501(c)(4) rules without teeth
Last week the Internal Revenue Service and the Treasury Department published draft regulations for tax-exempt “social welfare” organizations that increasingly have become banks for anonymous political donations. But the regulations stop short of addressing the biggest problem with political spending by these tax-exempt organizations: that it exists at all.
FOR THE RECORD:
IRS: Due to an editing error, the penultimate sentence in a Dec. 4 editorial suggested that The Times believes tax-exempt social welfare organizations — so called 501(c)(4) groups — should be allowed to engage in election-related advocacy. As was made clear elsewhere in the editorial, The Times believes they should not.
Tax-exempt nonprofits created under Section 501(c)(4) of the tax code are supposed to be “operated exclusively for the promotion of social welfare.” Examples offered in an IRS publication include groups that build housing for the poor or provide financial planning. That is a defensible trade-off: In exchange for the benefit of tax-exempt status, these groups agree to concentrate on nonpolitical good works.
Unfortunately, the IRS has complicated matters by defining “exclusively” as “primarily,” meaning that 501(c)(4)s may engage in some election-related activity, though exactly how much of their spending can be political is unclear. (Some lawyers believe it is legal for a 501(c)(4) to spend up to 49% of its funds on political activity.)
This was a loophole waiting to be abused, and it has been, by social welfare groups that have spent hundreds of millions of dollars on television commercials to support candidates and political causes. Both liberals and conservatives have been attracted to the 501(c)(4) vehicle. And here’s the clincher: Unlike other fundraising groups, including so-called super PACs, 501(c)(4)s don’t have to reveal their donors.
The best way to deal with the politicization of 501(c)(4)s would be to return to the letter of the law and require that they be “exclusively” dedicated to the promotion of the public welfare in ways that have nothing to do with candidates or elections. In that case, special interests eager to influence elections would be forced to contribute to super PACs and other organizations that must disclose their donors, allowing voters to identify and evaluate the sources of political largesse.
Alas, the proposed rules, far from requiring that 501(c)(4)s avoid politics altogether, don’t even clarify how much election-related activity such groups can engage in.
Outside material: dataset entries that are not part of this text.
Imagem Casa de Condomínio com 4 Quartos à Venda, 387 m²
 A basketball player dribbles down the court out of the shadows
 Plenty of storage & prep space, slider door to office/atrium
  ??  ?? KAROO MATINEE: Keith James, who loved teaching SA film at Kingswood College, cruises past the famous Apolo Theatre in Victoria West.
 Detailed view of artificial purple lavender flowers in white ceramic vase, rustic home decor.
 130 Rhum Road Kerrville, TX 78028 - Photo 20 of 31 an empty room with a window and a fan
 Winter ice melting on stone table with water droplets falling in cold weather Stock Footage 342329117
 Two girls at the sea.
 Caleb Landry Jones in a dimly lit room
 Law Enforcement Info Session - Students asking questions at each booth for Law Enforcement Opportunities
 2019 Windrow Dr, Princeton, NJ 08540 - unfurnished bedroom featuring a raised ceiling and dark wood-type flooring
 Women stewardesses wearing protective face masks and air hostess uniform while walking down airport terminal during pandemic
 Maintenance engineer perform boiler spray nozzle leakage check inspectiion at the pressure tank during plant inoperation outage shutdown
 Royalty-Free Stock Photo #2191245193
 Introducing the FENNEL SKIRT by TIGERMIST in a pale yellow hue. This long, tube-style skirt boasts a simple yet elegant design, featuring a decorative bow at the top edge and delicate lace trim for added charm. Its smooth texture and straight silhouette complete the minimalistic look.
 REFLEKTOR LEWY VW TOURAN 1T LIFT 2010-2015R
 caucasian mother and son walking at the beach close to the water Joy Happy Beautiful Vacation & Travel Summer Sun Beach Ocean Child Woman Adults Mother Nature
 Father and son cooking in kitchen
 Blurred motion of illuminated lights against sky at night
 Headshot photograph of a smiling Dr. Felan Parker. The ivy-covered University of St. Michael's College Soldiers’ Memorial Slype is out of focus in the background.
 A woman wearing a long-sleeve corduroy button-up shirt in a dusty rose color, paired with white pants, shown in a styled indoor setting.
Instead, their focus is on the definition of “political activity.” Under the proposal, it would include not just supporting or opposing candidates but any mention of a candidate in a “public communication” close to an election.
That utterly fails to address the question of how much election-related advocacy of any kind is consistent with being a tax-exempt social welfare organization that can keep the identities of its donors secret. To us the answer is clear: 100%. The final regulations should come as close to that ideal as possible.